Designing Incentives for Inexpert Human Raters describes a series of experiments in which the authors tested the impact of a number of different incentive strategies on Turk workers. The number of strategies tested and the sample size used in the experiment are both pleasantly large. However, their results, even with such a large population, are not particularly clear. In fact, the results seem pretty noisy, with many treatments giving good results in some tasks and very poor results in others in an unsystematic way. At best, the differences between the treatments were subtle. One potential problem is that the content analysis questions they asked (particularly the "content rank/rate" and "user rank/rate" tasks) were extremely subjective. This means that even well-intentioned workers could easily give a bad result and helps explain why workers performed very poorly on average. I suspect they would have gotten more discriminating results if they had tested using prompts that had more objective responses. These particular prompts may also explain the success of the BTS treatment, which gave better results on the rank/rate tasks in particular. This makes me wonder if it gave better results in the ranking tasks because it set up a sort of Keynesian beauty contest that encourage participants to pick the perceived majority value judgement rather than their own.

Additionally, I was disappointed to see that the authors looked only at the impact of each strategy on a single task/worker. I suspect that the efficacy of some of these strategies will vary dramatically over time, depending on how strictly penalties and rewards are enforced or how well social connections are maintained. For example, the effectiveness of the betting, tournament, and BTS schemes should vary as workers get a feel for how much their performance actually impacts their result or payout. Likewise, social incentives should presumably decay if the humanization and social connections are not maintained.
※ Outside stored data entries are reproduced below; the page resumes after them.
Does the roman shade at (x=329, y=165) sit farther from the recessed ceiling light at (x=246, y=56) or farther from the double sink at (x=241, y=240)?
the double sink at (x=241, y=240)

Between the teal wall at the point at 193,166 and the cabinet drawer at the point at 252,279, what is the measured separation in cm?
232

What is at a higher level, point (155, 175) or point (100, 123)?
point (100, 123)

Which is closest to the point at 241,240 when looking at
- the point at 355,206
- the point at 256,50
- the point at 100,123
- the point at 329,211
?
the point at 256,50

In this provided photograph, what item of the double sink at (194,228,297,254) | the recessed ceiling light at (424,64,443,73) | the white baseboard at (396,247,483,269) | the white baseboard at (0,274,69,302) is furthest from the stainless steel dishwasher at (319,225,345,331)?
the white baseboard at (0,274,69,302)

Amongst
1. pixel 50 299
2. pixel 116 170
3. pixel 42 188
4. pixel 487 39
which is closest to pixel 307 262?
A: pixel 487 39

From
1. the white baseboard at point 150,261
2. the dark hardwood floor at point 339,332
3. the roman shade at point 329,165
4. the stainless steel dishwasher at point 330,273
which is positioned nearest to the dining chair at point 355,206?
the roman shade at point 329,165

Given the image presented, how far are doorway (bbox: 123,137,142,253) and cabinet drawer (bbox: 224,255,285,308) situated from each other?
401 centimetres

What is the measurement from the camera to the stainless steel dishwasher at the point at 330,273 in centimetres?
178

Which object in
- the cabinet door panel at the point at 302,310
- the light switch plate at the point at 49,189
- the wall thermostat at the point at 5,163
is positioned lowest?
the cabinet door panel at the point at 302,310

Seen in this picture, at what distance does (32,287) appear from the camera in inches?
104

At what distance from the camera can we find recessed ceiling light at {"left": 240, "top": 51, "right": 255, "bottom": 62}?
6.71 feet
Sellers problems in human computation markets, meanwhile, gives a high-level survey and discussion of the issues facing workers on Mechanical Turk. They raise a lot of interesting and relevant points, and their high-level open questions are general, but the work is very AMT-specific, and I think it leans too heavily on an analysis of a single (albeit prominent) forum thread. Assuming we are interested in getting into the nitty gritty details of Turk (as opposed to looking at a broader range of crowdsourcing platforms), I'd be more interested in seeing quantitative data that tries to give a sense of what portion of the work on Turk is actually disingenuous. That said, as a short survey of the worker-centric issues facing work and research on Turk, I think it does a pretty good job.

Yaron Singer

Thank's everyone for the great responses. See you in the discussion today,

Prayag Narula

Sellers problems in human computation markets I really liked the sellers case just based on the fact that it has a lot of qualitative data. I don’t agree with some of the points raised about the statistical validity of the findings. It is about the power-turkers who want to help newbies avoid the fraudulent ‘buyers’. The data is very useful for the researchers and can be used by new platform builders on how to be fair towards the turkers.
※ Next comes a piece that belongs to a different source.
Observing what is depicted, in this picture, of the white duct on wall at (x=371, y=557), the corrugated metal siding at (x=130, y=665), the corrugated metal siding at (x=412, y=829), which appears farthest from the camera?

Designing Incentives for Inexpert Human Raters The paper talks about various incentive methods and their effectiveness in improving the quality of the work on crowdsourcing platforms. I have two major gripes about the paper: 1. The incentives they talked about are very economic in nature. From my own research, tasks that allow for personality development are incentives big enough for people to even accept lower wages. Something, like this is not even touched upon in this paper. I think economic incentives are very narrow to motivate workers especially in case like MTurk where the payment is very less. 2. The incentives that the researchers talked about were fairly complicated. For workers who are short on time to read the instructions would probably skip a lot of it. That seems to be what happened based on your results. It seems a lot of the workers simply avoided your instructions while doing the tasks. A false null here probably doesn’t prove much on the contrary.

Siamak Faridani

I enjoyed both papers specially the one on seller's problems by Lilly Irani. It was an example of an interesting research question that actually makes an impact in real world and makes it a little easier for workers on AMT.
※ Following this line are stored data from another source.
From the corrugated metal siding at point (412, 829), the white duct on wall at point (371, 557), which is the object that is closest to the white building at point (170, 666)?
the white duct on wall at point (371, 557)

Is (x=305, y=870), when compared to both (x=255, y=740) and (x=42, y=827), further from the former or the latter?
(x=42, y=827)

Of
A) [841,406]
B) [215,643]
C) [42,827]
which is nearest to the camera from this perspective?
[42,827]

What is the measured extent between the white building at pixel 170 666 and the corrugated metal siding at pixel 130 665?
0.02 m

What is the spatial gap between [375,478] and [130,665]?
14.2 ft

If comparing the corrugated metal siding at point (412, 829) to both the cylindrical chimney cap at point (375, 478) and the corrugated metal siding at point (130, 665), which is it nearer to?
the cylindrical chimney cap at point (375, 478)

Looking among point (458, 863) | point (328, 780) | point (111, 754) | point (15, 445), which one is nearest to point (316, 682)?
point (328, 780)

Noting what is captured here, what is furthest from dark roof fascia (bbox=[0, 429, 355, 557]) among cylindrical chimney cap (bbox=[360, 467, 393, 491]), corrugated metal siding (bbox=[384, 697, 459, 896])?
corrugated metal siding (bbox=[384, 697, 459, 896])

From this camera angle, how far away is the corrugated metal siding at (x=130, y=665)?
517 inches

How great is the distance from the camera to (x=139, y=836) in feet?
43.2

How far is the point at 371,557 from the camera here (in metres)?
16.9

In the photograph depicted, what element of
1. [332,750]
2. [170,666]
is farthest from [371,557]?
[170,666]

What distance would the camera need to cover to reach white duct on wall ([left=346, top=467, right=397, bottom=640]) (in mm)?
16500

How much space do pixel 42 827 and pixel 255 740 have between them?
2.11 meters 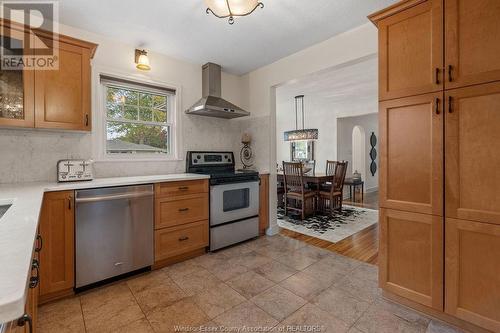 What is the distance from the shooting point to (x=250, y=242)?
3201 mm

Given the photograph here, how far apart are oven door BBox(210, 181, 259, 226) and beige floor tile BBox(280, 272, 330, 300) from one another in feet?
3.49

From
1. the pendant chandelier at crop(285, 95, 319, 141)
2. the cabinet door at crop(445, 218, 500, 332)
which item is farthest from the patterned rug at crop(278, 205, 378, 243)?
the pendant chandelier at crop(285, 95, 319, 141)

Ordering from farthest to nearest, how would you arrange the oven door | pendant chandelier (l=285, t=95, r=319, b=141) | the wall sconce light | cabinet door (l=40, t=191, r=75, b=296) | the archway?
the archway, pendant chandelier (l=285, t=95, r=319, b=141), the oven door, the wall sconce light, cabinet door (l=40, t=191, r=75, b=296)

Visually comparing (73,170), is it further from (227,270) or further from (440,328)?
(440,328)

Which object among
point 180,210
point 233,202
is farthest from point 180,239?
point 233,202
The first problem by Shaw et al had some issues with the hypothesis testing. So they have 14 treatment groups and 2 of the treatments have shown to be significant. This setting really reminds me of XKCD's comic about green jelly beans causing acne. Their treatment classes is large and I think they should increase the number of participants dramatically to get any meaningful results from that experiment

Chulki Lee

Designing Incentives for Inexpert Human Raters conducted a controlled experiment comparing the effects of 14 different incentive systems. I like the broad coverage of incentive systems. I think different effects by incentive systems may be explained better if using some nature of MTurk, such as lack of (good) reputation or trust system.

Sellers’ problems in human computation markets identified various issues in MTurk, in particular in seller's perspective. I totally agree with the argument that the "bad" phenomena not just exists in human computation markets, but spread over the Internet, and at the same time, the markets have distinct characteristics from other space on the Internet. I am just curious about how it can be distinct from other information exchange system. Is it more like online version of labor markets or another online information exchange system having financial components. I think most papers we discussed until now focused on the former perspective and this paper gives an opportunity to think on the latter view.

Kristal Curtis

Designing Incentives for Inexpert Human Raters:

In this work, the authors investigate various incentives and determine how they impact answer quality. It was very interesting that the Bayesian Truth Serum approach worked the best. I'd be interested in applying this to a subjective task to see if it would work just as well. I was concerned that they computed ground truth by finding consensus among the research assistants, who were very likely a homogeneous group and therefore more susceptible to groupthink. I would be interested to see if the results would hold when ground truth was from a more heterogeneous group and presumably more robust.

Sellers' problems in human computation markets:

In the work, the authors explored various factors that contribute to a worsened experience among Turkers. It's interesting that they focused on Turkers' problems, where most work in this area looks at requestors' problems (eg, quality, throughput, spam). I agree that HIT payment can be very delayed, based on my experience doing the homework assignment for this class, where we had to perform work as Turkers. It would be interesting to study whether Turkers' trust in a particular requestor leads to better result quality.